Canada December Retail Sales Up 2.5%, Beating Market Expectations

  • Canada's retail sales grew by a robust 2.5% on a monthly basis in December, beating analysts' expectations, as a sales tax holiday bumped up spending on food and beverages. People also bought cars and vehicle parts, data showed last Friday.
  • Retail sales are considered an early indicator of GDP growth and contribute almost 40.0% to total consumer spending, which was primarily responsible for keeping Canada's economy growing in the third quarter. Economists said the government's sales tax break, which kicked off in mid-December and ended February 15, also boosted revenues.

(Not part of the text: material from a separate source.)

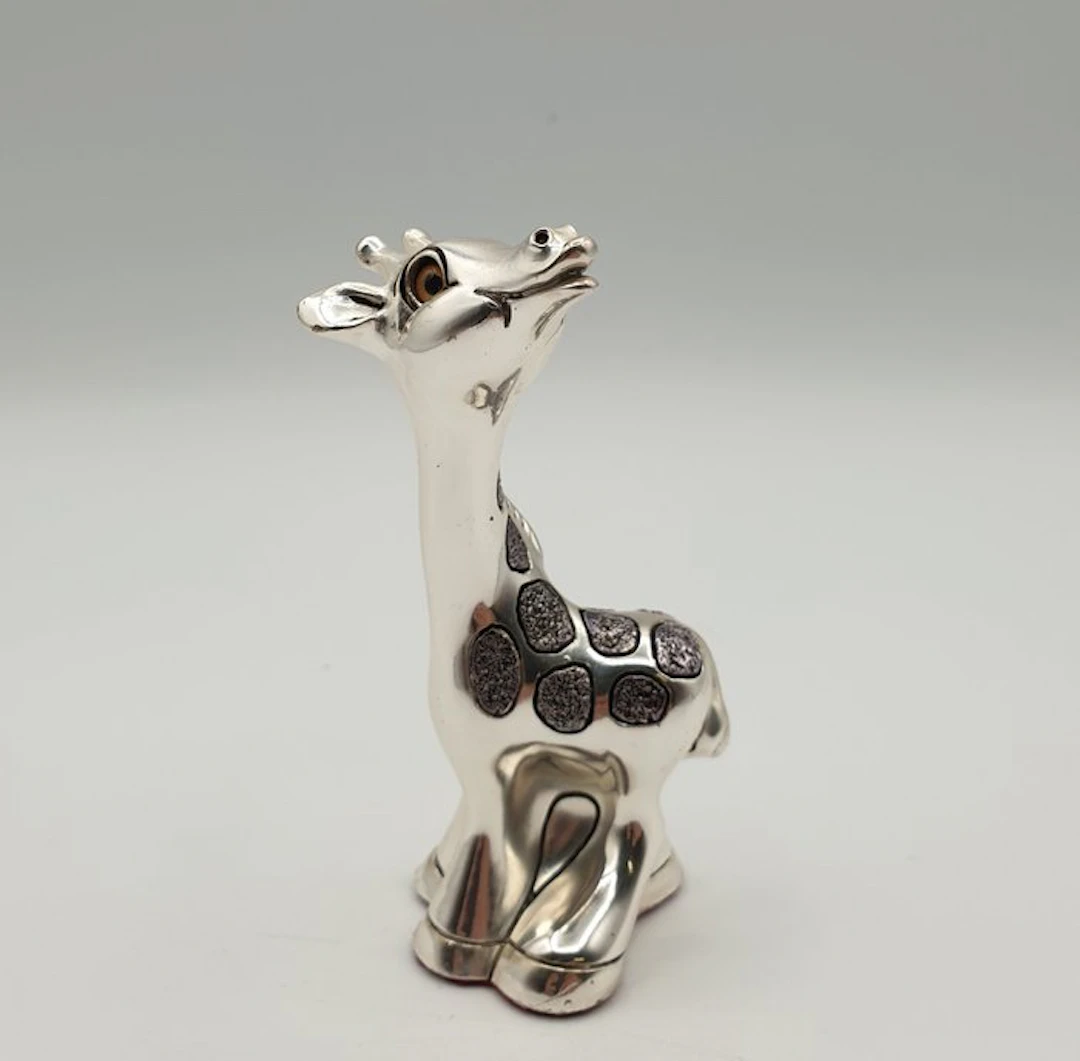 Giraffa rivestita in Argento - Figurine - Silver-plated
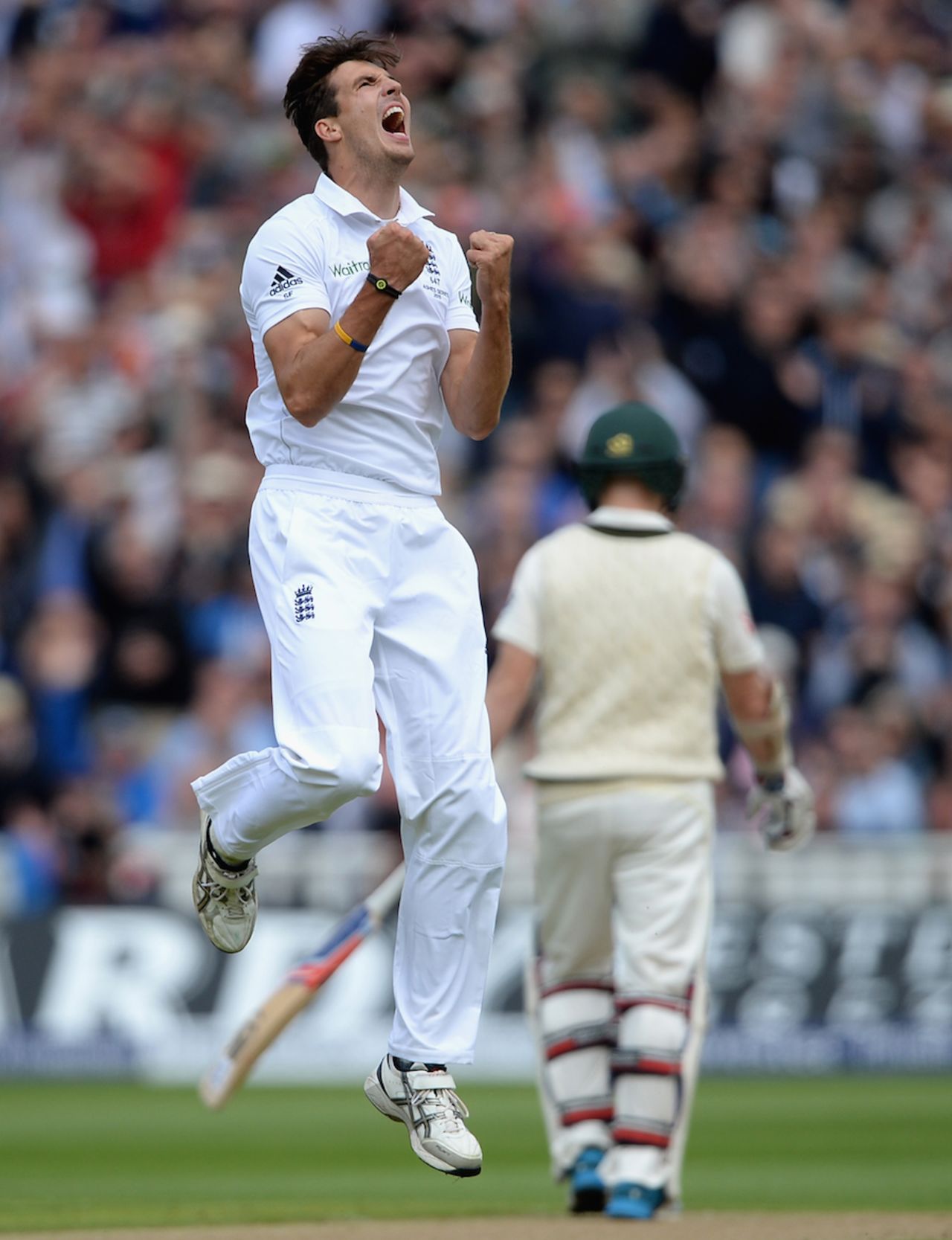Steven Finn struck in his first over on Test comeback, England v Australia, 3rd Test, Edgbaston, 1st day, July 29, 2015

  • Analysts polled by Reuters had forecast retail sales would rise by 1.6% on a month-on-month basis and by 1.8% excluding automotive and parts sales. Retail sales jumped by 2.5% even after sales of automotive parts and at dealerships were excluded, Statistics Canada said.
  • "Even if the momentum of retail sales fades into the new year, these figures add to the argument for the Bank of Canada to pause at next month's meeting," Shelly Kaushik, senior economist at BMO Capital Markets, wrote in a note.
  • Currency swap markets now see a more than 68.0% chance of no rate cut on March 12, although economists have said expectations for the trajectory of interest rates could change if U.S. President Donald Trump slaps a 25% tariff on Canadian imports in March.